_EXERCISE DESCRIPTION_
From the first line to the last, restate the data word for word.

Stored records
--- --- ---

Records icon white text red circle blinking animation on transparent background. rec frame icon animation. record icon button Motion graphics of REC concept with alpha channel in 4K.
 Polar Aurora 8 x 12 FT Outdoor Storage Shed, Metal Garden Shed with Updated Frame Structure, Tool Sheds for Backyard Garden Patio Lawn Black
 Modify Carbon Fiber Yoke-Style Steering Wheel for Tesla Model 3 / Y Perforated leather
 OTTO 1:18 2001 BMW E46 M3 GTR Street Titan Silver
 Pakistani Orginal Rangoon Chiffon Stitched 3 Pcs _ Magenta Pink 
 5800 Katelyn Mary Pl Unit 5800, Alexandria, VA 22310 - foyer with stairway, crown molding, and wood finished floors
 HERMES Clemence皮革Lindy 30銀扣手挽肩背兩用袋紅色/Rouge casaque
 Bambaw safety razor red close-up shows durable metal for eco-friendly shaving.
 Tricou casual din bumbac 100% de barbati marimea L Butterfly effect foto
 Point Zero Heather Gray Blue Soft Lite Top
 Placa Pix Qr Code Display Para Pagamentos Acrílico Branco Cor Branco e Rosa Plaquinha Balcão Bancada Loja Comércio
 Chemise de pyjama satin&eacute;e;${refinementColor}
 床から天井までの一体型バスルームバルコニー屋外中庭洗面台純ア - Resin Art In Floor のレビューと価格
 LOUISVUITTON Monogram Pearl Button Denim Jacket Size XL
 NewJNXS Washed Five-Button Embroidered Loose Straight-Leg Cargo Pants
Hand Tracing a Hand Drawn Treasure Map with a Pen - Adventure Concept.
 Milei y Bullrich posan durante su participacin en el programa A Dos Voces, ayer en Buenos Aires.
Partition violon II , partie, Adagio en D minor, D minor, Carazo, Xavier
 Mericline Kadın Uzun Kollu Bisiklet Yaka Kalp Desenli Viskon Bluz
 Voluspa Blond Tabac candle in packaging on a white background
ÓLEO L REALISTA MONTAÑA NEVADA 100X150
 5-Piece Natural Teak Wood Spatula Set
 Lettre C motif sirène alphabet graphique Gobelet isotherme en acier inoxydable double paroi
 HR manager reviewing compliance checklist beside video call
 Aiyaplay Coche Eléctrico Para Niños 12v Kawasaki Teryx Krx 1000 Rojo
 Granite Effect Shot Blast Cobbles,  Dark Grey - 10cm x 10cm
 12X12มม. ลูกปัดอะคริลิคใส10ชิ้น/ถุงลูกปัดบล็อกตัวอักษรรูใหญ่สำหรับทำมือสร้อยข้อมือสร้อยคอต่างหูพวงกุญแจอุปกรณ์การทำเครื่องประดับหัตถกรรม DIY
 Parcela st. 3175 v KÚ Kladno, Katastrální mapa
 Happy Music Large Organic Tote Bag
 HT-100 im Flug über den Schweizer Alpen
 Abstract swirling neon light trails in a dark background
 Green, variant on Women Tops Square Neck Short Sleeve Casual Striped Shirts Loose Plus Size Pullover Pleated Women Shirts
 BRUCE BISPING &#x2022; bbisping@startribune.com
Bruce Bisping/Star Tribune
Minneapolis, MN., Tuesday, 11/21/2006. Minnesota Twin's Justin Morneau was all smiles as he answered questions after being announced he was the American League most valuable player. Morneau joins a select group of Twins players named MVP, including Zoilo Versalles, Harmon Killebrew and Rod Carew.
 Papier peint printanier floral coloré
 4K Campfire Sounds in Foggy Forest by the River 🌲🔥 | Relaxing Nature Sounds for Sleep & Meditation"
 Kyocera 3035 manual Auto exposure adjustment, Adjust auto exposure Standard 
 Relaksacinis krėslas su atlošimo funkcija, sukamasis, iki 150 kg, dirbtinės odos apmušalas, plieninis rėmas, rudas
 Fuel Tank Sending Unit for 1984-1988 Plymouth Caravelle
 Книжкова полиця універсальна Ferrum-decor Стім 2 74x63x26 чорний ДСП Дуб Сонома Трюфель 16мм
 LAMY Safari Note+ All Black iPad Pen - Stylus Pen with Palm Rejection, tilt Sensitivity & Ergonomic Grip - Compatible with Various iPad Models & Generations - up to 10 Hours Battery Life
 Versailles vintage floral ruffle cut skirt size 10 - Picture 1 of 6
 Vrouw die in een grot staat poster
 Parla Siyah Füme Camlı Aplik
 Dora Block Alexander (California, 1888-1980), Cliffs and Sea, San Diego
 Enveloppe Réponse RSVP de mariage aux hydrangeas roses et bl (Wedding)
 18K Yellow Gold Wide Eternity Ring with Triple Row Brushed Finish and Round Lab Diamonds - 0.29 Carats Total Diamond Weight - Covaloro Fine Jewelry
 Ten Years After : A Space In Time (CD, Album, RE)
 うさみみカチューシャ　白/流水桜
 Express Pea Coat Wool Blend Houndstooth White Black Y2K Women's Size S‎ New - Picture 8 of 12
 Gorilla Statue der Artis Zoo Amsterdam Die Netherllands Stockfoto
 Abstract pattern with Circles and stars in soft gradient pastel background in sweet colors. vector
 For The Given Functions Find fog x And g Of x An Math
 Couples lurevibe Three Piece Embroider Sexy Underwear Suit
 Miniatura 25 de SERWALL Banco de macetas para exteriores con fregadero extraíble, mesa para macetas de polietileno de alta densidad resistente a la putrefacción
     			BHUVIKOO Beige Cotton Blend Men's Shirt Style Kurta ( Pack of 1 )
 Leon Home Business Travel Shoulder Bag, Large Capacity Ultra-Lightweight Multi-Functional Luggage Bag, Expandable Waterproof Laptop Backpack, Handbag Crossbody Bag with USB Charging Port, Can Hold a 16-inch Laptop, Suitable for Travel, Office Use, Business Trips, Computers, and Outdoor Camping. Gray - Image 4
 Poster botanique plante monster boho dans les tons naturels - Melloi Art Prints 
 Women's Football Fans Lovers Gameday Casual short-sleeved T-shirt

--- --- ---

_ANSWER BELOW_
Records icon white text red circle blinking animation on transparent background. rec frame icon animation. record icon button Motion graphics of REC concept with alpha channel in 4K.
 Polar Aurora 8 x 12 FT Outdoor Storage Shed, Metal Garden Shed with Updated Frame Structure, Tool Sheds for Backyard Garden Patio Lawn Black
 Modify Carbon Fiber Yoke-Style Steering Wheel for Tesla Model 3 / Y Perforated leather
 OTTO 1:18 2001 BMW E46 M3 GTR Street Titan Silver
 Pakistani Orginal Rangoon Chiffon Stitched 3 Pcs _ Magenta Pink 
 5800 Katelyn Mary Pl Unit 5800, Alexandria, VA 22310 - foyer with stairway, crown molding, and wood finished floors
 HERMES Clemence皮革Lindy 30銀扣手挽肩背兩用袋紅色/Rouge casaque
 Bambaw safety razor red close-up shows durable metal for eco-friendly shaving.
 Tricou casual din bumbac 100% de barbati marimea L Butterfly effect foto
 Point Zero Heather Gray Blue Soft Lite Top
 Placa Pix Qr Code Display Para Pagamentos Acrílico Branco Cor Branco e Rosa Plaquinha Balcão Bancada Loja Comércio
 Chemise de pyjama satin&eacute;e;${refinementColor}
 床から天井までの一体型バスルームバルコニー屋外中庭洗面台純ア - Resin Art In Floor のレビューと価格
 LOUISVUITTON Monogram Pearl Button Denim Jacket Size XL
 NewJNXS Washed Five-Button Embroidered Loose Straight-Leg Cargo Pants
Hand Tracing a Hand Drawn Treasure Map with a Pen - Adventure Concept.
 Milei y Bullrich posan durante su participacin en el programa A Dos Voces, ayer en Buenos Aires.
Partition violon II , partie, Adagio en D minor, D minor, Carazo, Xavier
 Mericline Kadın Uzun Kollu Bisiklet Yaka Kalp Desenli Viskon Bluz
 Voluspa Blond Tabac candle in packaging on a white background
ÓLEO L REALISTA MONTAÑA NEVADA 100X150
 5-Piece Natural Teak Wood Spatula Set
 Lettre C motif sirène alphabet graphique Gobelet isotherme en acier inoxydable double paroi
 HR manager reviewing compliance checklist beside video call
 Aiyaplay Coche Eléctrico Para Niños 12v Kawasaki Teryx Krx 1000 Rojo
 Granite Effect Shot Blast Cobbles,  Dark Grey - 10cm x 10cm
 12X12มม. ลูกปัดอะคริลิคใส10ชิ้น/ถุงลูกปัดบล็อกตัวอักษรรูใหญ่สำหรับทำมือสร้อยข้อมือสร้อยคอต่างหูพวงกุญแจอุปกรณ์การทำเครื่องประดับหัตถกรรม DIY
 Parcela st. 3175 v KÚ Kladno, Katastrální mapa
 Happy Music Large Organic Tote Bag
 HT-100 im Flug über den Schweizer Alpen
 Abstract swirling neon light trails in a dark background
 Green, variant on Women Tops Square Neck Short Sleeve Casual Striped Shirts Loose Plus Size Pullover Pleated Women Shirts
 BRUCE BISPING &#x2022; bbisping@startribune.com
Bruce Bisping/Star Tribune
Minneapolis, MN., Tuesday, 11/21/2006. Minnesota Twin's Justin Morneau was all smiles as he answered questions after being announced he was the American League most valuable player. Morneau joins a select group of Twins players named MVP, including Zoilo Versalles, Harmon Killebrew and Rod Carew.
 Papier peint printanier floral coloré
 4K Campfire Sounds in Foggy Forest by the River 🌲🔥 | Relaxing Nature Sounds for Sleep & Meditation"
 Kyocera 3035 manual Auto exposure adjustment, Adjust auto exposure Standard 
 Relaksacinis krėslas su atlošimo funkcija, sukamasis, iki 150 kg, dirbtinės odos apmušalas, plieninis rėmas, rudas
 Fuel Tank Sending Unit for 1984-1988 Plymouth Caravelle
 Книжкова полиця універсальна Ferrum-decor Стім 2 74x63x26 чорний ДСП Дуб Сонома Трюфель 16мм
 LAMY Safari Note+ All Black iPad Pen - Stylus Pen with Palm Rejection, tilt Sensitivity & Ergonomic Grip - Compatible with Various iPad Models & Generations - up to 10 Hours Battery Life
 Versailles vintage floral ruffle cut skirt size 10 - Picture 1 of 6
 Vrouw die in een grot staat poster
 Parla Siyah Füme Camlı Aplik
 Dora Block Alexander (California, 1888-1980), Cliffs and Sea, San Diego
 Enveloppe Réponse RSVP de mariage aux hydrangeas roses et bl (Wedding)
 18K Yellow Gold Wide Eternity Ring with Triple Row Brushed Finish and Round Lab Diamonds - 0.29 Carats Total Diamond Weight - Covaloro Fine Jewelry
 Ten Years After : A Space In Time (CD, Album, RE)
 うさみみカチューシャ　白/流水桜
 Express Pea Coat Wool Blend Houndstooth White Black Y2K Women's Size S‎ New - Picture 8 of 12
 Gorilla Statue der Artis Zoo Amsterdam Die Netherllands Stockfoto
 Abstract pattern with Circles and stars in soft gradient pastel background in sweet colors. vector
 For The Given Functions Find fog x And g Of x An Math
 Couples lurevibe Three Piece Embroider Sexy Underwear Suit
 Miniatura 25 de SERWALL Banco de macetas para exteriores con fregadero extraíble, mesa para macetas de polietileno de alta densidad resistente a la putrefacción
     			BHUVIKOO Beige Cotton Blend Men's Shirt Style Kurta ( Pack of 1 )
 Leon Home Business Travel Shoulder Bag, Large Capacity Ultra-Lightweight Multi-Functional Luggage Bag, Expandable Waterproof Laptop Backpack, Handbag Crossbody Bag with USB Charging Port, Can Hold a 16-inch Laptop, Suitable for Travel, Office Use, Business Trips, Computers, and Outdoor Camping. Gray - Image 4
 Poster botanique plante monster boho dans les tons naturels - Melloi Art Prints 
 Women's Football Fans Lovers Gameday Casual short-sleeved T-shirt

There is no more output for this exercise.